» TASK MATERIAL
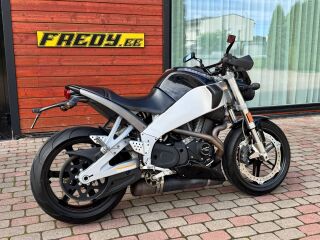 Buell XB 9 SX Lightning CityX V2 62kW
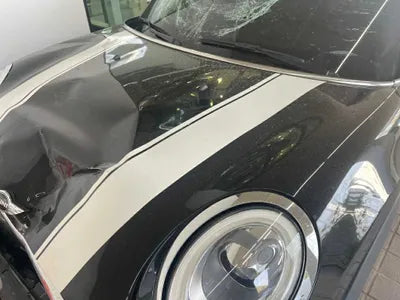 2015 MINI Cooper WMWXS5100FT823701 VIN:WMWXS5100FT823701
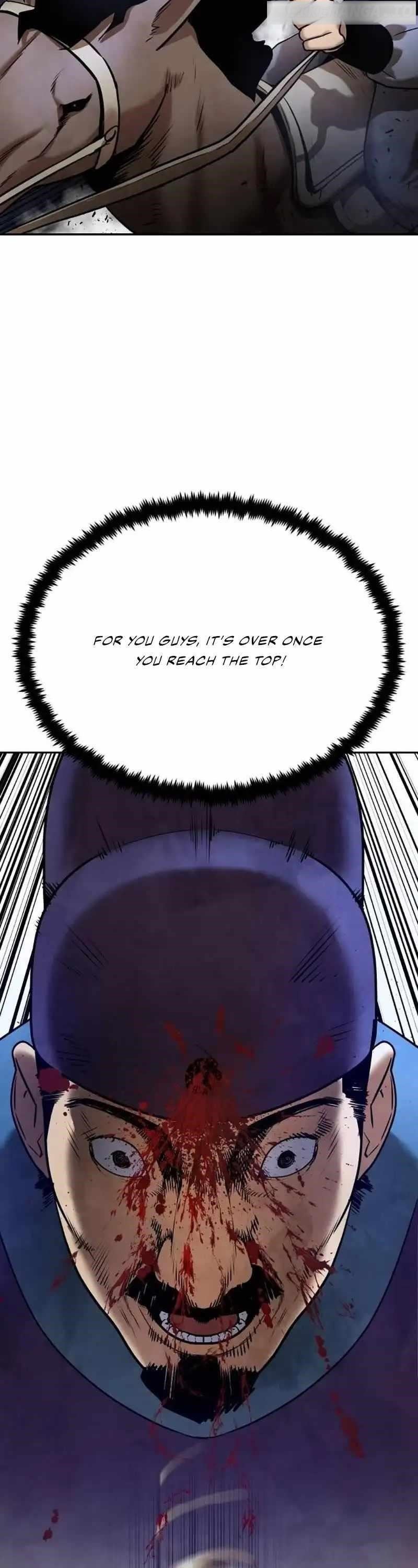 Embodiment Of The Assassin In The Murim World Chapter 14 - Page 22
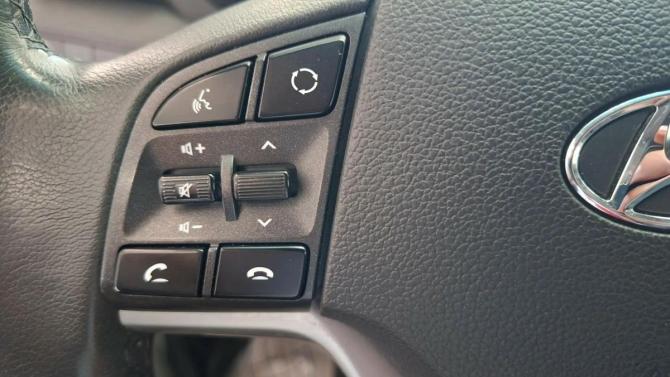 Hyundai Tucson III Рестайлинг с пробегом 2019 года, цена 2 270 000 рублей, 144300 км, внедорожник, Автокод Объявления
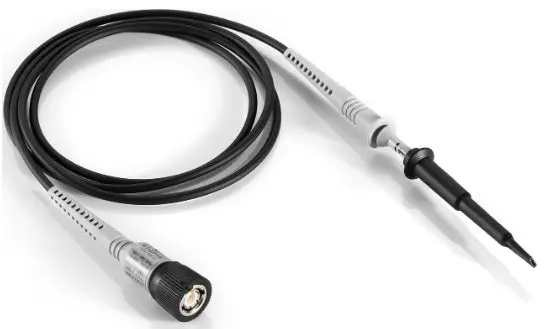 Rt-Zp10 1 Ghz High-Performance Probe – Rohde & Schwarz New Stock 1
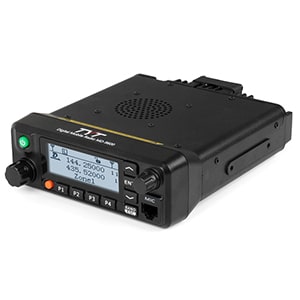 Автомобильная цифровая рация TYT MD-9600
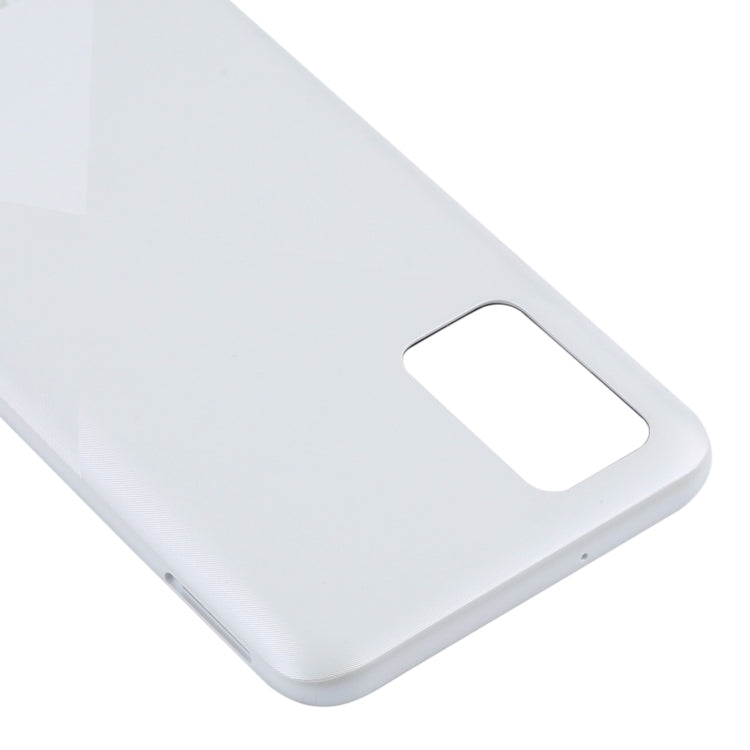 For Samsung Galaxy A02s Battery Back Cover, For Samsung Galaxy A02s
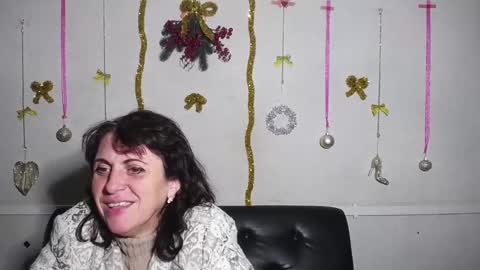LuciaMi online show from December 26, 6:12 pm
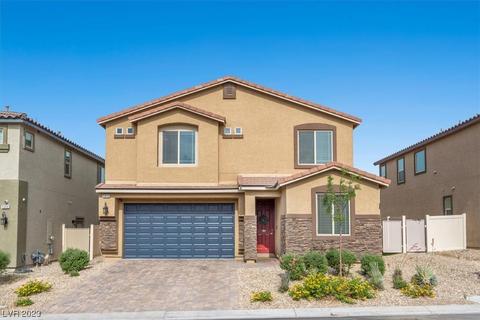 5913 Beluga Bay St, North Las Vegas, NV 89081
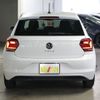 volkswagen polo 2021 -VOLKSWAGEN--VW Polo 3BA-AWDKL--WVWZZZAWZMU067422---VOLKSWAGEN--VW Polo 3BA-AWDKL--WVWZZZAWZMU067422- image 6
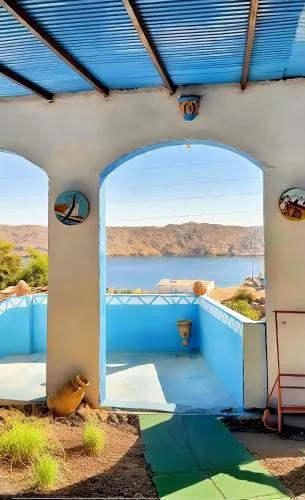 Asilah kato nubian guest house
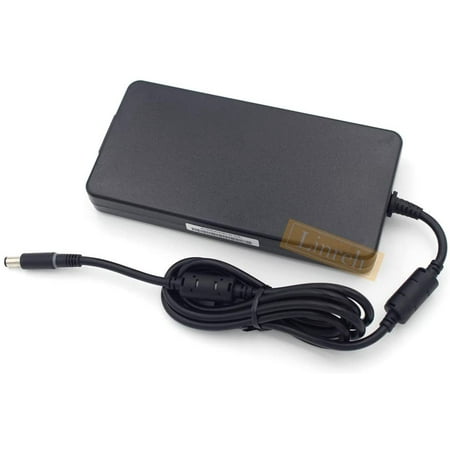 Original 19 5v 12 3a 240w Ac Adapter Charger For Dell Alienware M18x M17x R3 R4 Walmart Canada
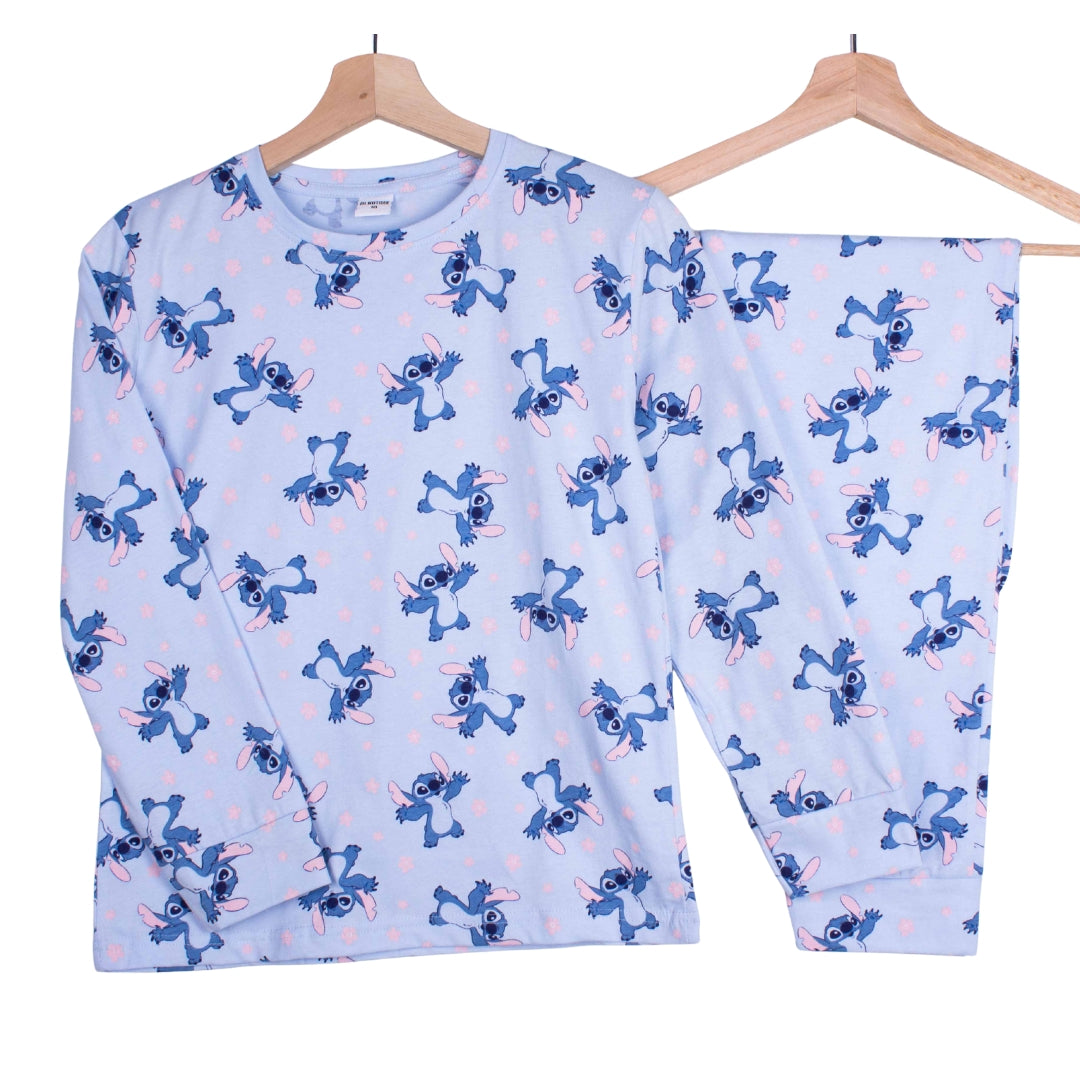 Dreamy Playful Stitch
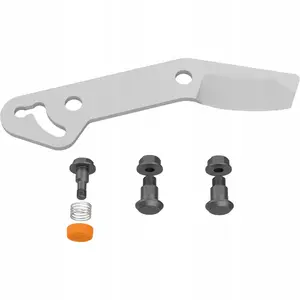 Pruning tool accessory set Fiskars X-Series for LX108 — replacement blade and 2 screws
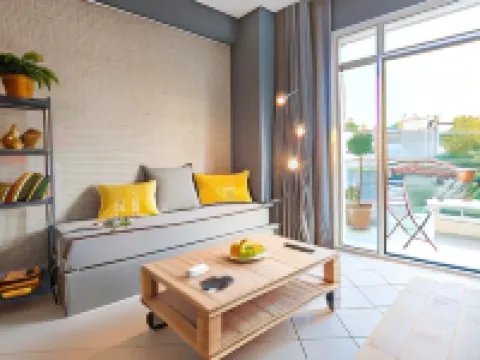 Boutique Studios & Apartments - by Avelink Hoteles en Spata-Artemida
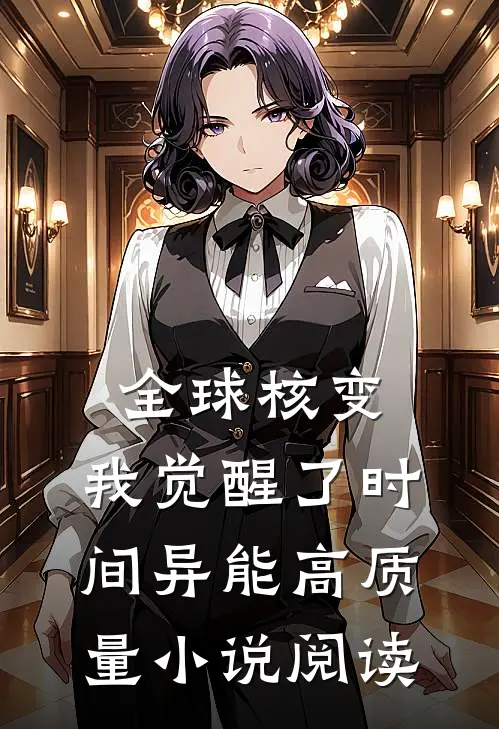 全球核变：我觉醒了时间异能高质量小说阅读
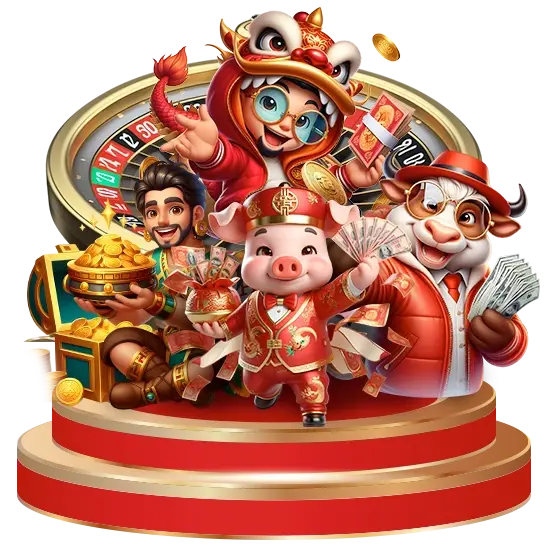 Nổ hũ và slot tại 888P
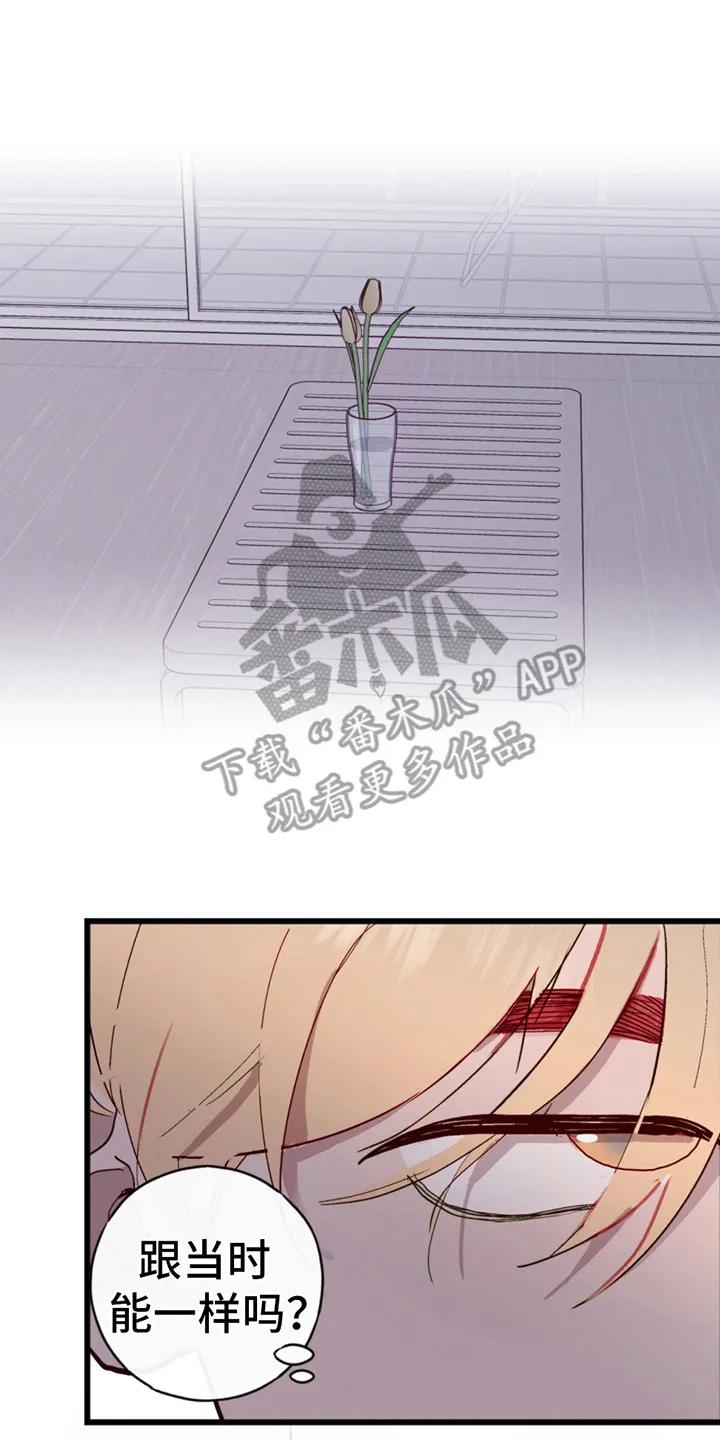 《幻想烛火》第8章：提议 第8页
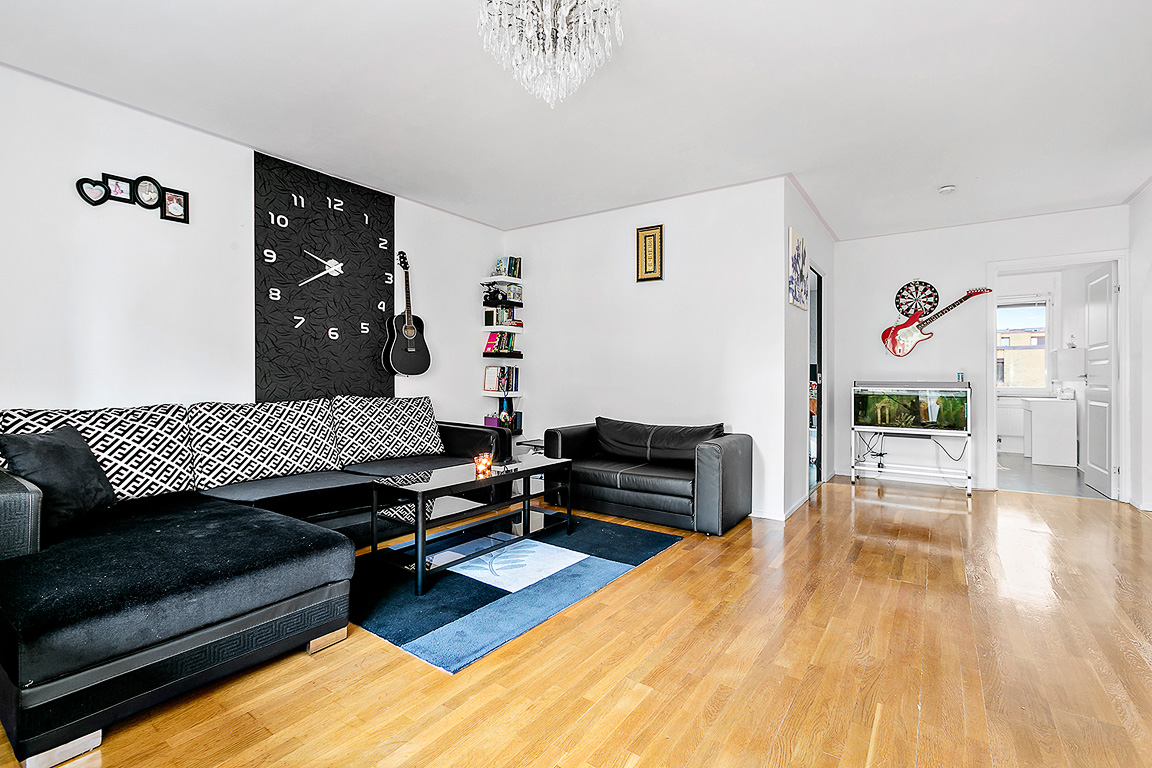 HELSINGFORSGATAN 41, Vån 1/3 – bild 10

» WORK INSTRUCTION
Please retype all of the material exactly, skipping whatever images it holds.

» RESULT OF THIS TASK
 Buell XB 9 SX Lightning CityX V2 62kW
 2015 MINI Cooper WMWXS5100FT823701 VIN:WMWXS5100FT823701
 Embodiment Of The Assassin In The Murim World Chapter 14 - Page 22
 Hyundai Tucson III Рестайлинг с пробегом 2019 года, цена 2 270 000 рублей, 144300 км, внедорожник, Автокод Объявления
 Rt-Zp10 1 Ghz High-Performance Probe – Rohde & Schwarz New Stock 1
 Автомобильная цифровая рация TYT MD-9600
 For Samsung Galaxy A02s Battery Back Cover, For Samsung Galaxy A02s
LuciaMi online show from December 26, 6:12 pm
 5913 Beluga Bay St, North Las Vegas, NV 89081
 volkswagen polo 2021 -VOLKSWAGEN--VW Polo 3BA-AWDKL--WVWZZZAWZMU067422---VOLKSWAGEN--VW Polo 3BA-AWDKL--WVWZZZAWZMU067422- image 6
 Asilah kato nubian guest house
 Original 19 5v 12 3a 240w Ac Adapter Charger For Dell Alienware M18x M17x R3 R4 Walmart Canada
 Dreamy Playful Stitch
 Pruning tool accessory set Fiskars X-Series for LX108 — replacement blade and 2 screws
 Boutique Studios & Apartments - by Avelink Hoteles en Spata-Artemida
 全球核变：我觉醒了时间异能高质量小说阅读
 Nổ hũ và slot tại 888P
 《幻想烛火》第8章：提议 第8页
 HELSINGFORSGATAN 41, Vån 1/3 – bild 10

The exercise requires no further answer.